Eisenhower and McCarthy, Oct. 1952. Photo by Robert Boyd, Milwaukee Journal Sentinel Credit: Wisconsin Historical Society |
Truman was appalled. He thought Marshall "one of the most decent and honorable men this country has ever produced." He wrote privately that the incident showed Ike was "chickenhearted" and a "weak man cowering at a mental image of McCarthy's pugnacious face and rasping voice."
The recent spectacle of Mitt Romney attending a fund-raiser with Donald Trump brought this old story to mind, because it raises the same questions of character in politics. Trump, of course, has made himself notorious as the most prominent proponent of the discredited idea that President Obama was not born in Hawaii. Romney has received a fair amount of heat for his embrace of Trump. When asked about it, he replied:
"You know I don’t agree with all the people who support me and my guess is they don’t all agree with everything I believe in." This is no doubt true. It is also irrelevant. No reasonable person believes that candidates for office are personally responsible for all of the views of all of their supporters.
Romney and Trump, Feb. 2012. Steve Marcus / Reuters |
This is someone with whom Romney chose to do a fund-raiser. It is entirely fair to assume that choosing to share a stage with someone implies there are no important disagreements with that individual.

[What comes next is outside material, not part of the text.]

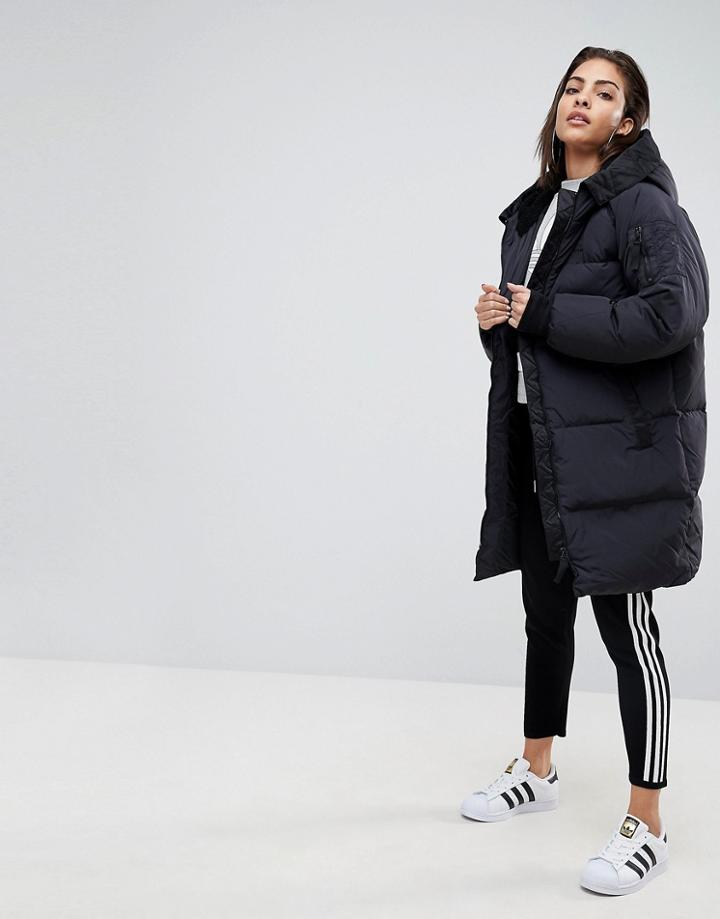 Adidas Originals Long Bomber Jacket In Black - Black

The question to Romney really should have been: "Is there anything Donald Trump could say that would lead you to forego doing a fund-raiser with him?"
Presumably the answer is "yes," which then leads to the follow-up: why doesn't Trump's birther nonsense meet that standard? After all, what Trump is suggesting is that the President of the United States is illegitimate and a fraud. Romney knows this, but it changes nothing about his relationship with Trump. Why does Romney choose to associate with someone who stoops to such baseless demagoguery?
Fortunately, Romney answered that question without it being asked: "I need to get 50.1 percent or more." In other words, his answer is no different that the one Eisenhower would given: it was politics.
Romney's shape-shifting from moderate to "severely conservative" means that the conservative Republican base does not trust him. Many of those same people consistently express doubt that the president was born in the U.S.A. So Romney indirectly panders to them by embracing their spokesman, even as he tries to maintain credibility with sane voters by accepting the facts about Obama's birthplace.
Eisenhower had a similar problem. As a career military man, no one even knew which political party he belonged to until shortly before the 1952 campaign. He defeated "Mr. Republican" (Robert Taft) for the nomination, but still had to prove himself to the far right McCarthyites. He tried to do that by choosing Sen. Richard Nixon as his running mate (Nixon, due to his role in the Alger Hiss case, was seen as the smart man's McCarthy).
But it was not enough. It never is for the politically rabid. McCarthy bullied Ike into forsaking the man most responsible for the fact that Eisenhower was ever considered a potential president. For Eisenhower, it worked politically. He cruised to victory in 1952. But it sullied his reputation as a man of personal loyalty and honor.
It may work politically for Romney, too. His willingness to get down in the gutter with Trump, his refusal to scorn the chief proponent of birtherism, however, makes it hard to see Romney as a man of character. And so his problem becomes circular--because there is no "there" there, he constantly needs to pander to the base; the more he panders to the base, the more he proves that there really is no "there" there.
I think you meant "does NOT trust him".
ReplyDeleteSure did--thanks for catching that and letting me know.
ReplyDeleteCould a Romney-Trump ticket really happen? I've been thinking it would be a low point, but thanks to your insight, it's...um...good to know it's not. Sigh.
ReplyDeleteNo, no more than an Eisenhower-McCarthy ticket could ever have happened. But I'd guess Romney will likely choose someone who passes the Tea Party's acceptability test.